WHAT THE TASK ASKS: Copy nothing but the lines from the opening of the entries through the line that contains "L20 White Birch", exactly as written. Drop the pictures.

'''

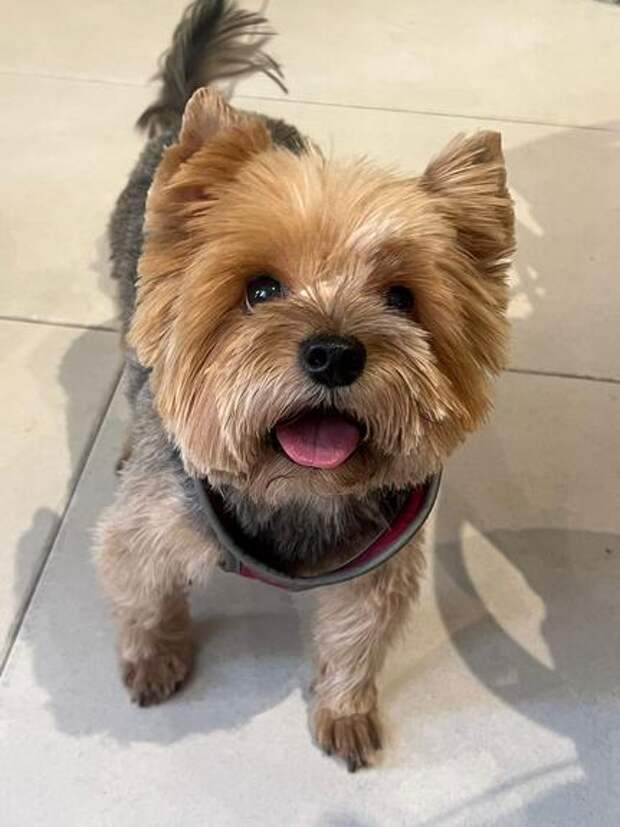 Кинолог Голубев: собака в мороз может манипулировать хозяином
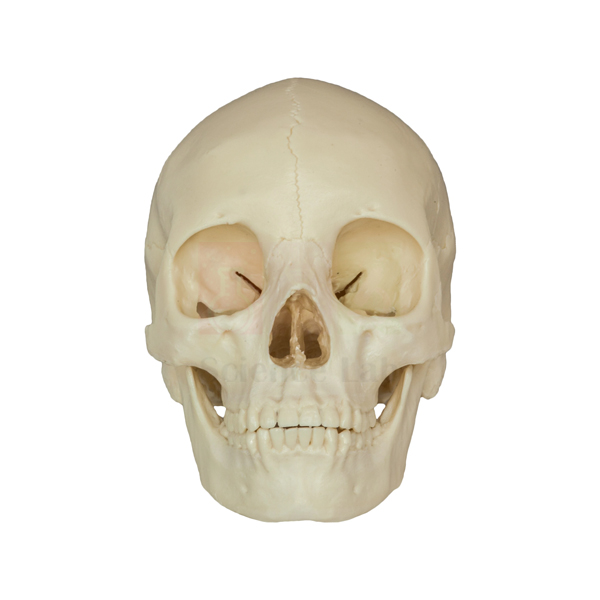Economy Human Skull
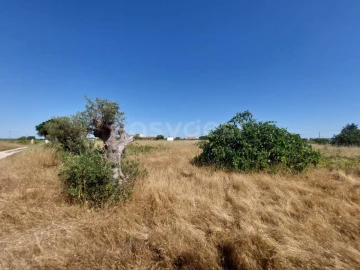 Terreno Agricola ou Rústico para Venda em Palmela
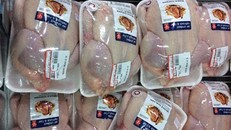 Tạm ngừng nhập khẩu thịt gà từ Mỹ do dịch cúm gia cầm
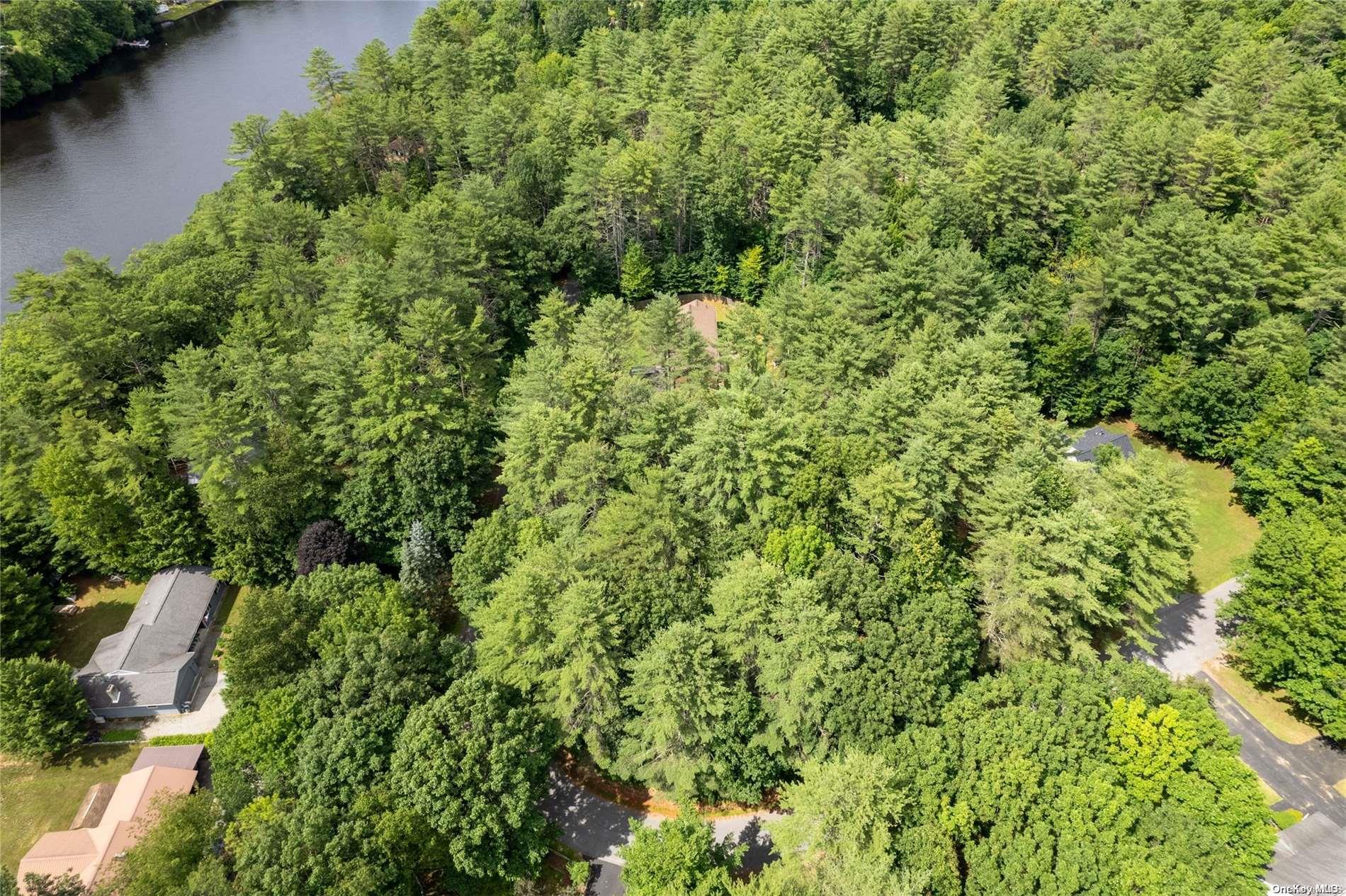 L20 White Birch Drive Out of NYC Call Listing Agent, NY 12846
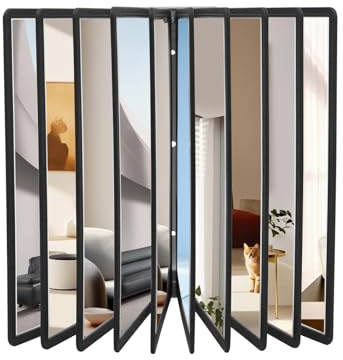 Fyssnn Magnetisches Wand Sichttafelsystem mit 10 Sichttafeln A4 und 20 Seiten Kapazität - Transparentes Dokumentenhalter für Büro, Restaurants, Ausstellungen (Schwarz)
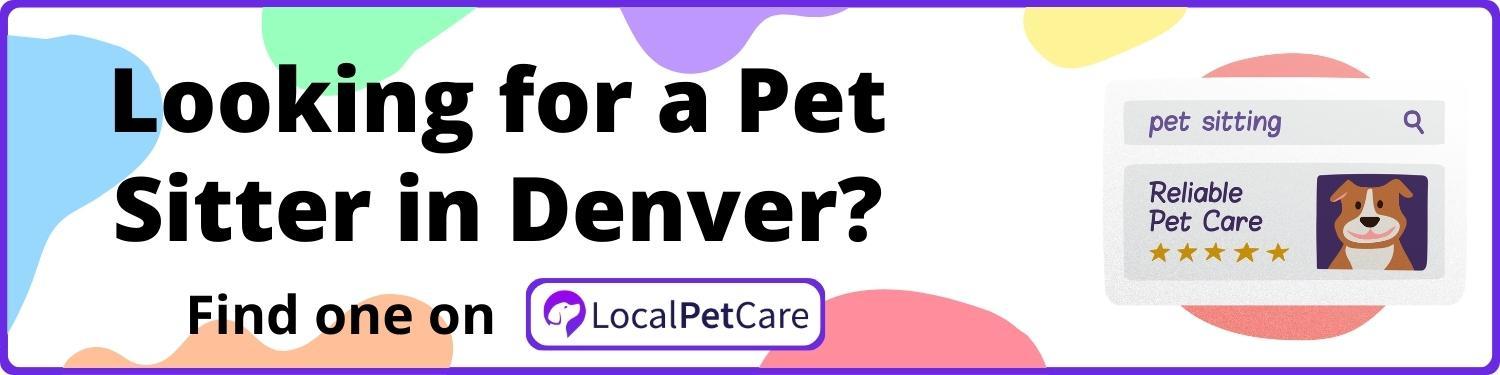 Looking For A Pet Sitter in Denver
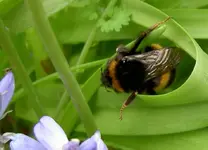Bumble Bees 029.webp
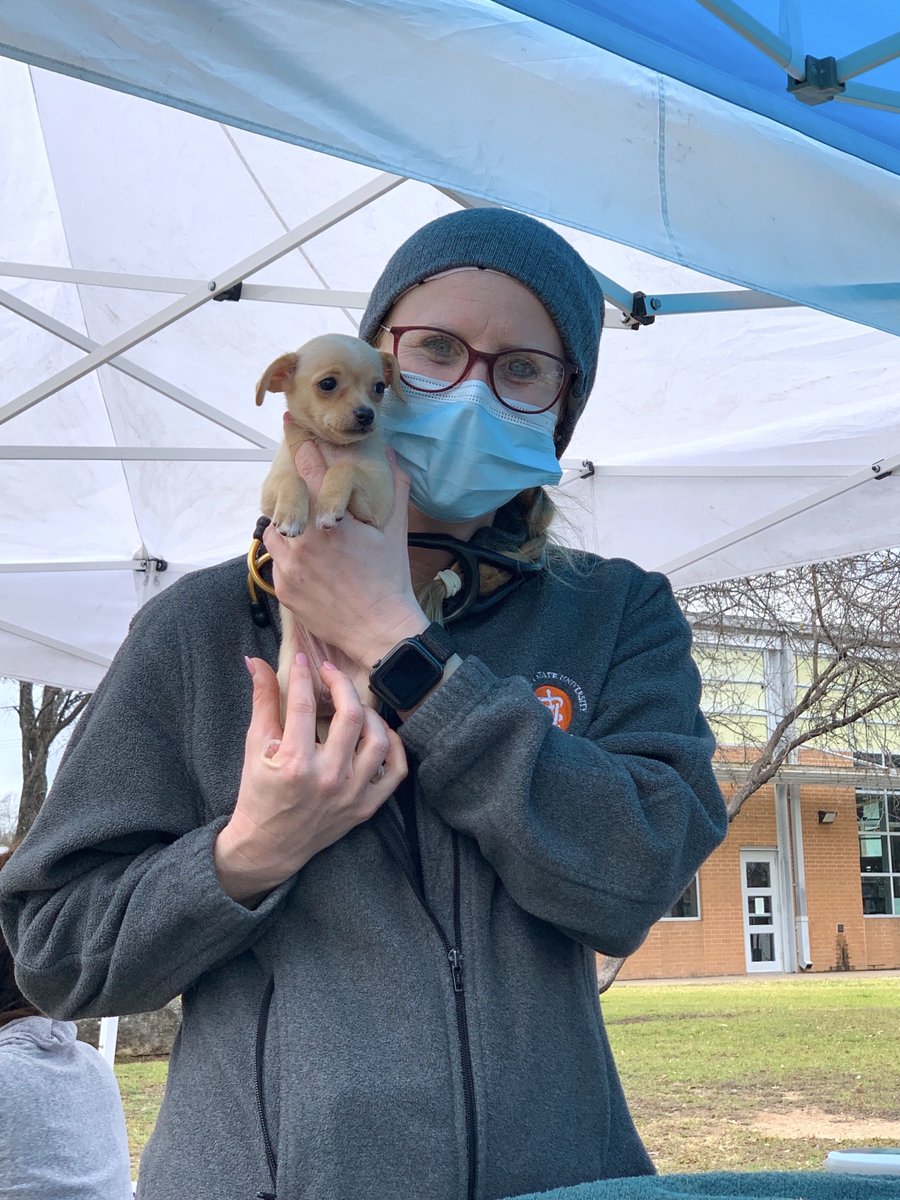 emancipet's tweet photo. When you amplify Emancipet NOW, you ensure dogs like Zoro, Zion, Egypt, Gyro & Jobe get the vaccinations they need to enjoy being a puppy! Your Amplify Austin gift today will be TRIPLED, up to $50K so don’t wait to give double the tail wags today! https://t.co/6pA0DAW2Ui
#ILHIGH https://t.co/JgcsI8gtz1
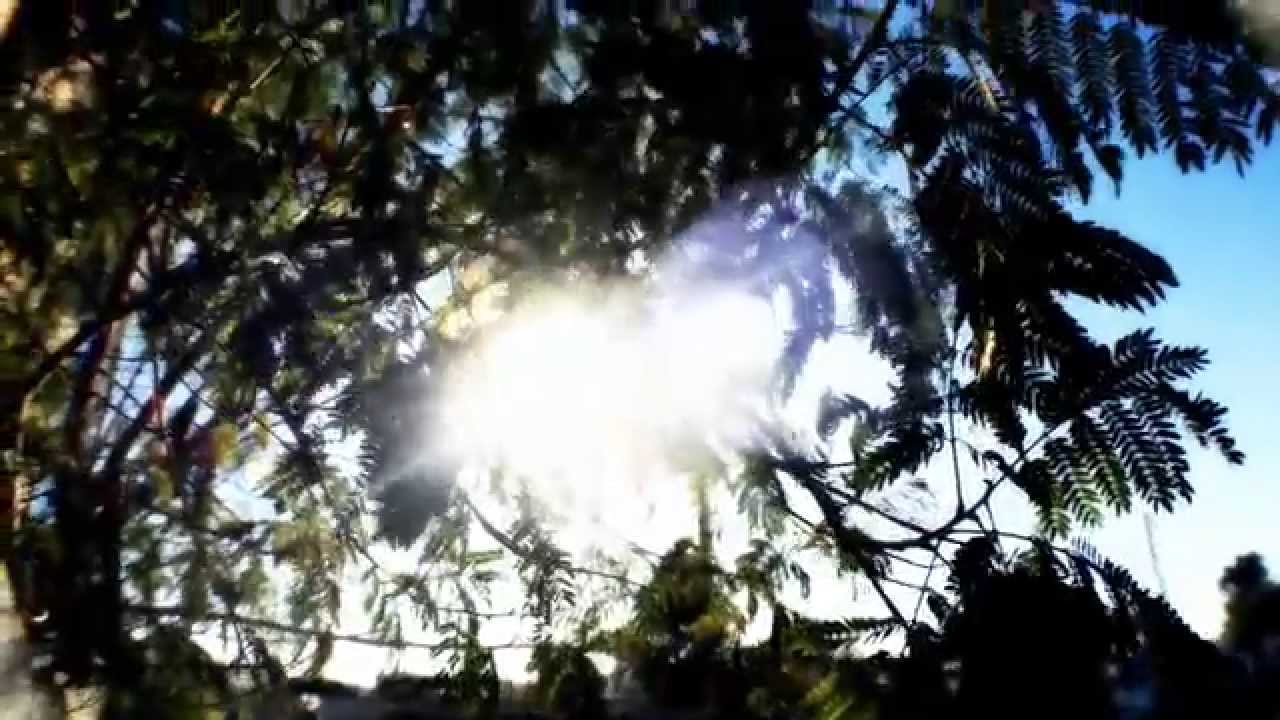 New-2015-- Chicano Rap-N.O.L.A.G-Brown Shady-Official MusicVideo
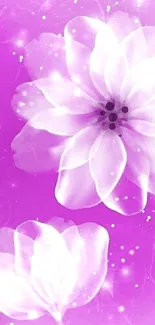 Purple floral wallpaper with soft petals.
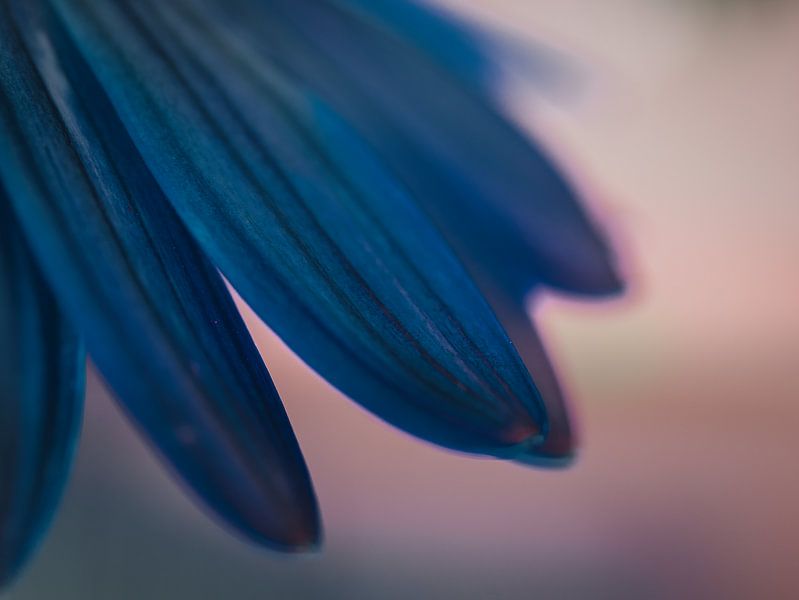 petals by barbara pellegrini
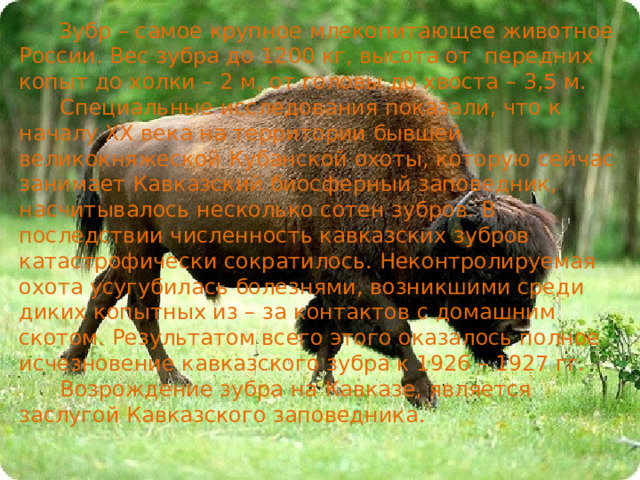  Зубр – самое крупное млекопитающее животное России. Вес зубра до 1200 кг, высота от передних копыт до холки – 2 м, от головы до хвоста – 3,5 м.  Специальные исследования показали, что к началу XX века на территории бывшей великокняжеской Кубанской охоты, которую сейчас занимает Кавказский биосферный заповедник, насчитывалось несколько сотен зубров. В последствии численность кавказских зубров катастрофически сократилось. Неконтролируемая охота усугубилась болезнями, возникшими среди диких копытных из – за контактов с домашним скотом. Результатом всего этого оказалось полное исчезновение кавказского зубра к 1926 – 1927 гг.  Возрождение зубра на Кавказе, является заслугой Кавказского заповедника .  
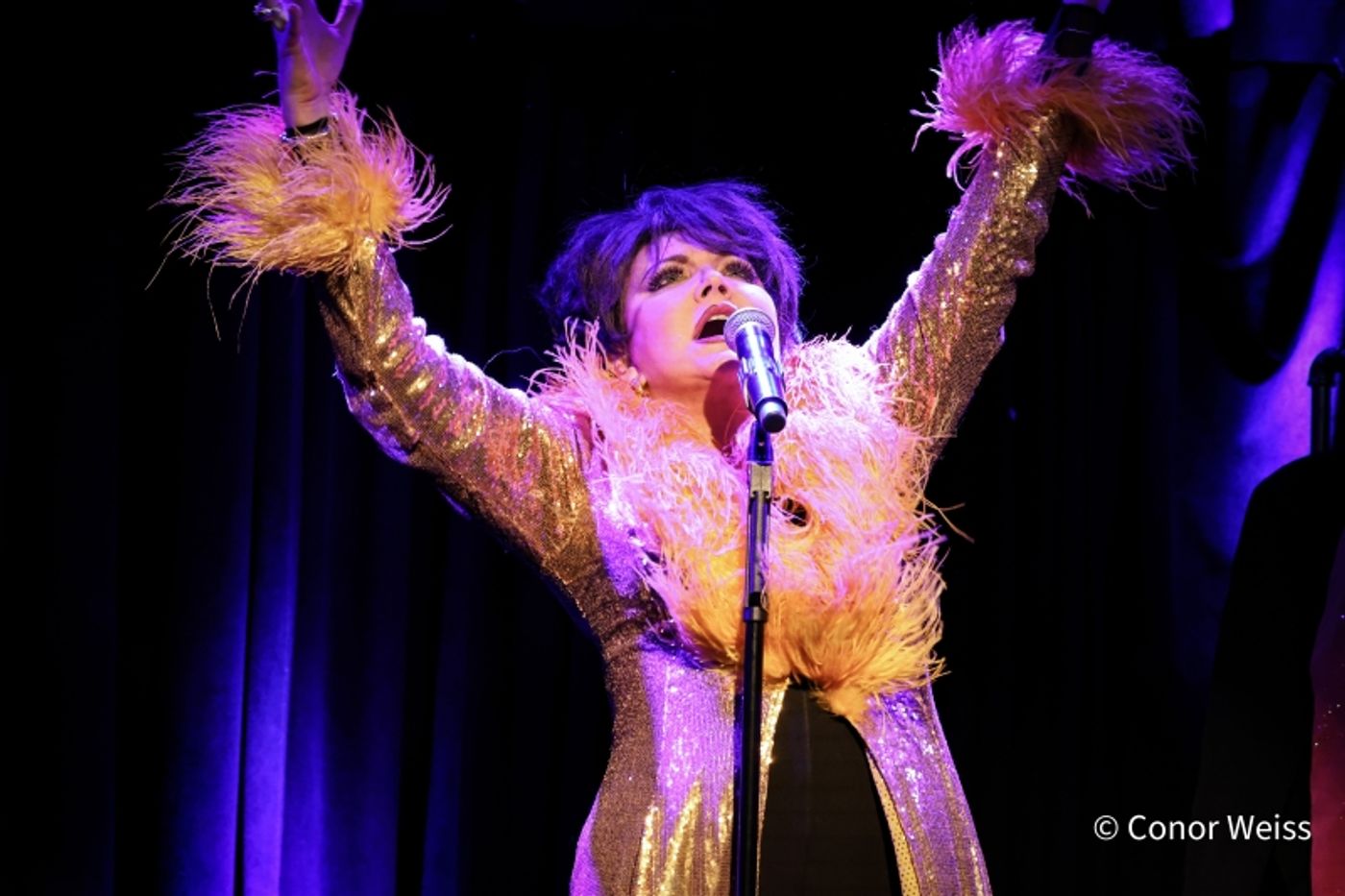 Photos: Dorothy Bishop Presents THE DOZEN DIVAS SHOW at The Triad Photos: Dorothy Bishop Presents THE DOZEN DIVAS SHOW at The Triad Image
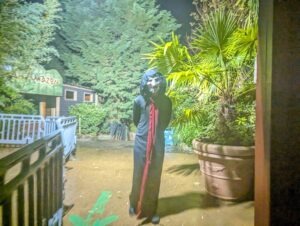 Trail of Terror at Colchester Zoo Review ()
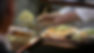 Street Food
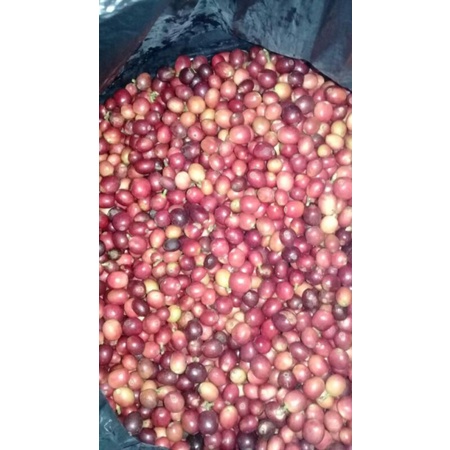 

Kopi Arabika ....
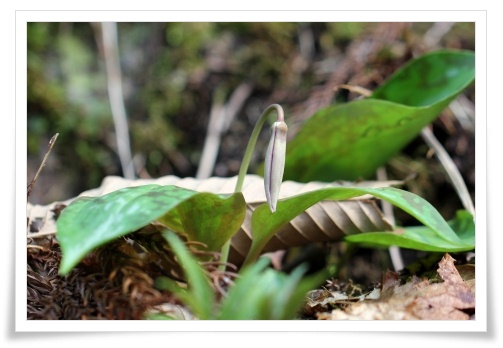 樹木公園-4 カタクリ 13.3.19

'''

EXERCISE RESULT:
 Кинолог Голубев: собака в мороз может манипулировать хозяином
Economy Human Skull
 Terreno Agricola ou Rústico para Venda em Palmela
 Tạm ngừng nhập khẩu thịt gà từ Mỹ do dịch cúm gia cầm
 L20 White Birch Drive Out of NYC Call Listing Agent, NY 12846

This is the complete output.